Richtung Irgendwo der neuen Zeit

Bild zum Thema Andere Welten

von  Fuchsiberlin

Der ICE beginnt seine Fahrt. Es ist mein Zug. Was am Bahnhof von mir zurück bleibt, verschwindet eines Tages, als Raum ohne Tür, in der Vergessenheit. Ein Zug bewegt sich nur in Richtung Horizont fort. 

Die Lichter der Gegenwart versinken in einem Kartoffelpüree der Erinnerungen. Ich mag kein Kartoffelpüree. Das Jetzt verdampft schnell, und läutet die Vergangenheit ein. Das helle Licht im Abteil blendet irgendwann das Gestern weg. Den Stahl unter den Rädern höre ich nicht. Lautlos verirre ich mich in monotonen Gedanken.

Im Ich beginne ich einsam zu singen, während karge und verbrannte Felder an mir vorbeirauschen, und der Nebel ins Sonnenlicht greift. Wälder, die zu schnell an mir vorbeiziehen, verweigern mir Erzählungen über das Leben. Irgendein verstimmter Gedanke in mir erklärt die Bäume für tot, weil der Wald schweigt, oder ich momentan den Ort des Lebens nicht höre.

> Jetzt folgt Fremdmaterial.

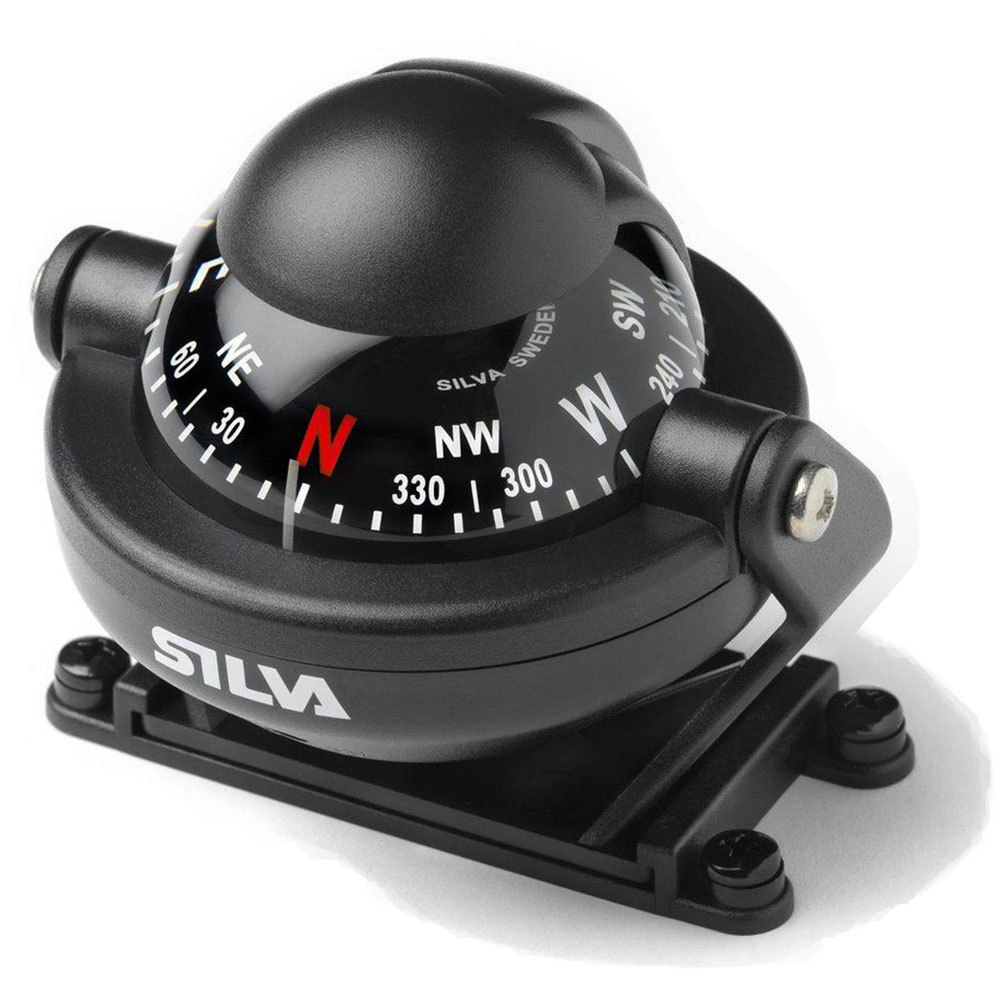 Silva C58 Compass 55 Mm Schwarz Silva C58 Compass 55 Mm Schwarz von Silva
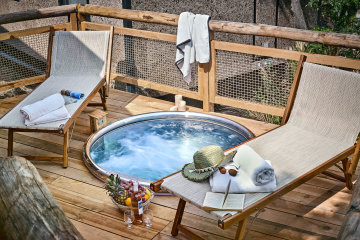 Lodge Océan - Au Paradis des Campeurs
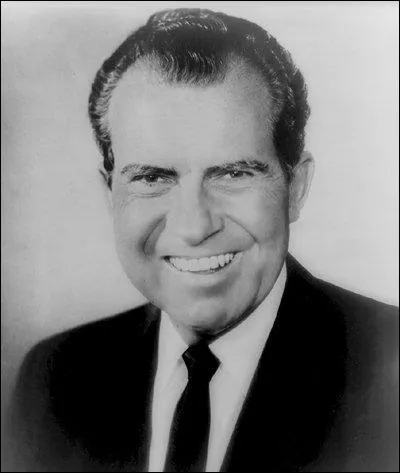 Qu'est-ce que le "Watergate" ? 
(Photo : l'homme au centre de l'affaire)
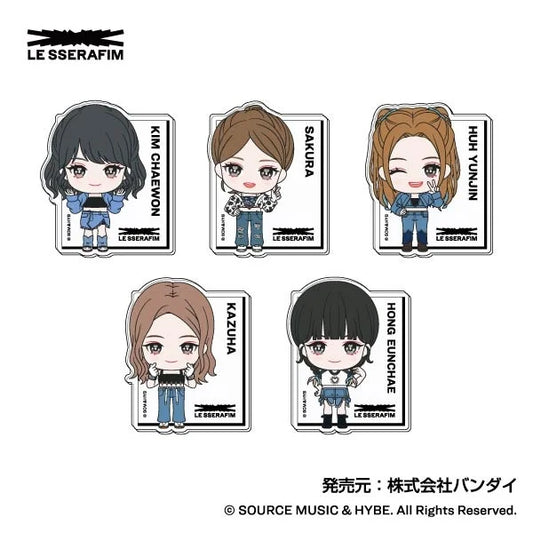 [LE SSERAFIM] Acrylic Badge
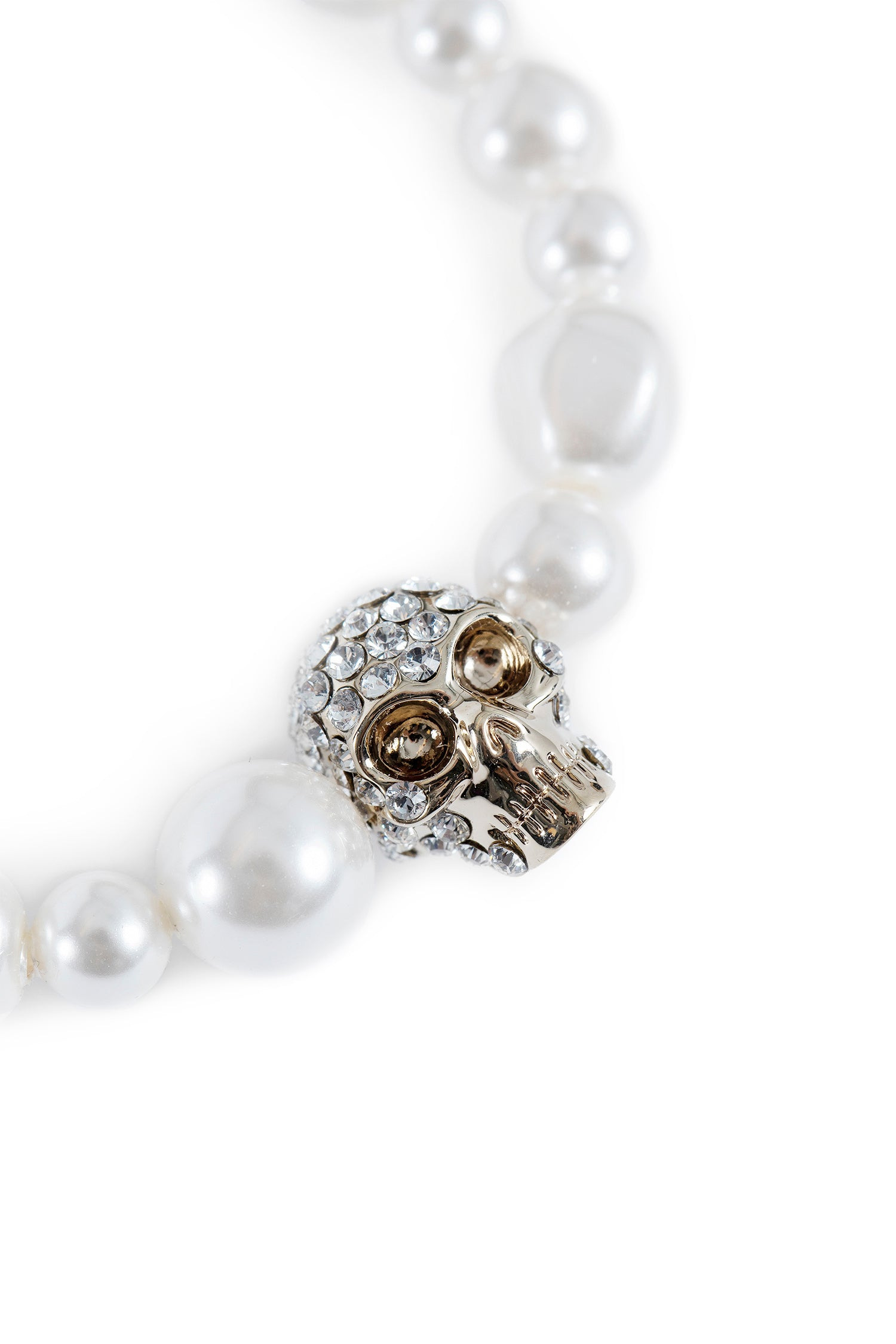 Skull-And-Pearl-Friendship-Bracelet - 2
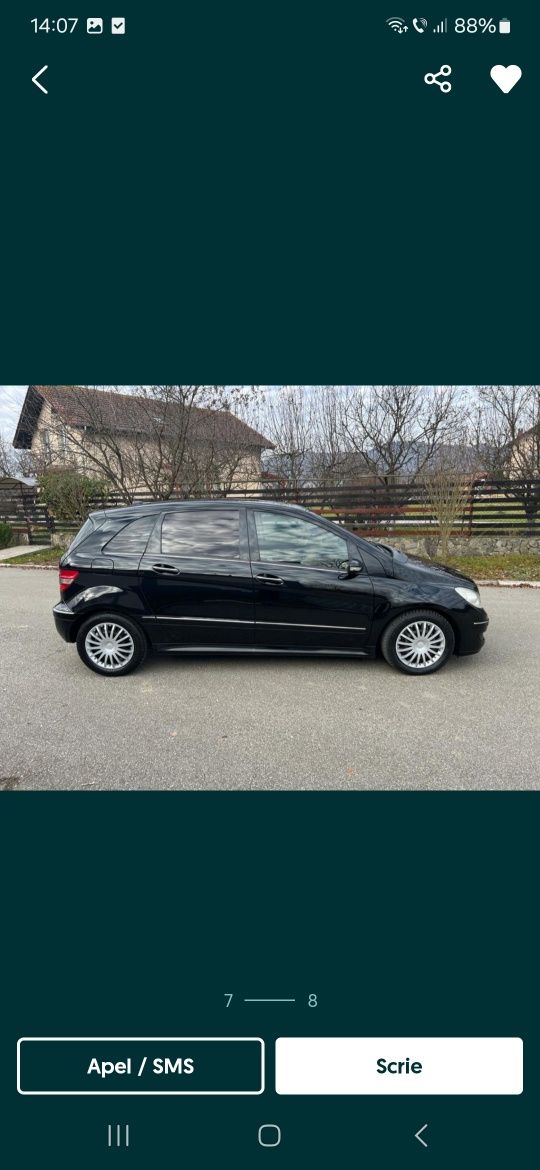 Mercedes Benz B200 Cdi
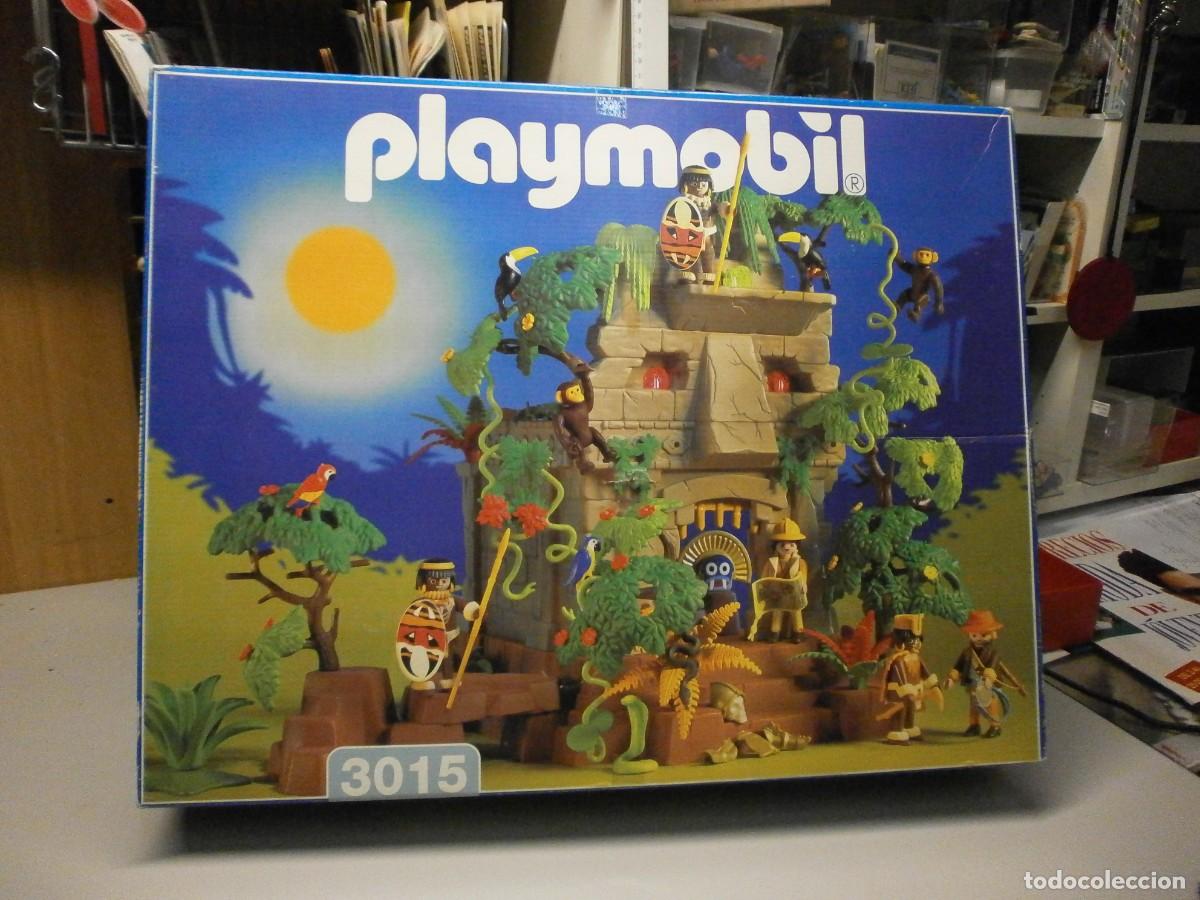 Playmobil: lote de playmobil en caja ref 3015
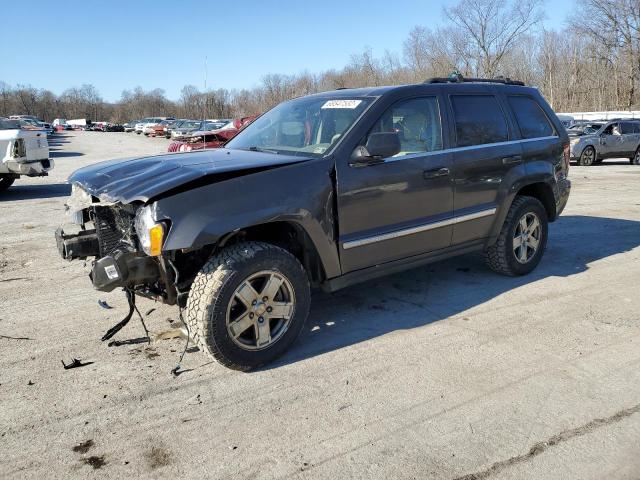 1J4HR58N86C159730 - 2006 JEEP GRAND CHER GRAY photo 1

Meine Emotionen weichen nicht von der Schnelligkeit der Zugfahrt ab. Sie können auch nicht bremsen. Der Zweifel am Verstand nimmt mit jedem höheren Kilometer an Geschwindigkeit zu. Entfernt von der Wirklichkeit, sehe ich Windräder, die in sich zusammen brechen, und von einer Freiheit sprechen, die nie existierte. Wölfe im Abteil schauen voller Gier. Schafe verstecken sich. Jäger und Gejagte auf engstem Raum, und ein Schmetterling sucht die Heimat. Ein großer See fragt nicht nach dem Morgen, er verschwindet vor meinen Augen.

Einsamkeit ohne Worte, Klänge ohne Echo, Töne ohne Melodie. Gestern, heute, und morgen? Der Fahrkartenkontrolleur erscheint mir wie ein Pathologe, der mich sezieren möchte, mein Ich bis in das kleinste Detail betrachten will. Ich bin nicht tot, also lass mich bitte in Ruhe.

Steige ich irgendwann an einem Bahnhof ohne Ortschild aus, dann ist es zu spät. Kein Zug wird mich je wieder dorthin zurück bringen, wo ich einst herkam. Kein Fahrplan zeichnet ein Irgendwo aus. Ich spüre Traurigkeit, und ein Blick in einen Spiegel zeigt mir eine Träne, die ich verfluche. Wer mag schon traurig sein? Entfernt von Träumen und der Wirklichkeit, auf der Fahrt ins Irgendwo.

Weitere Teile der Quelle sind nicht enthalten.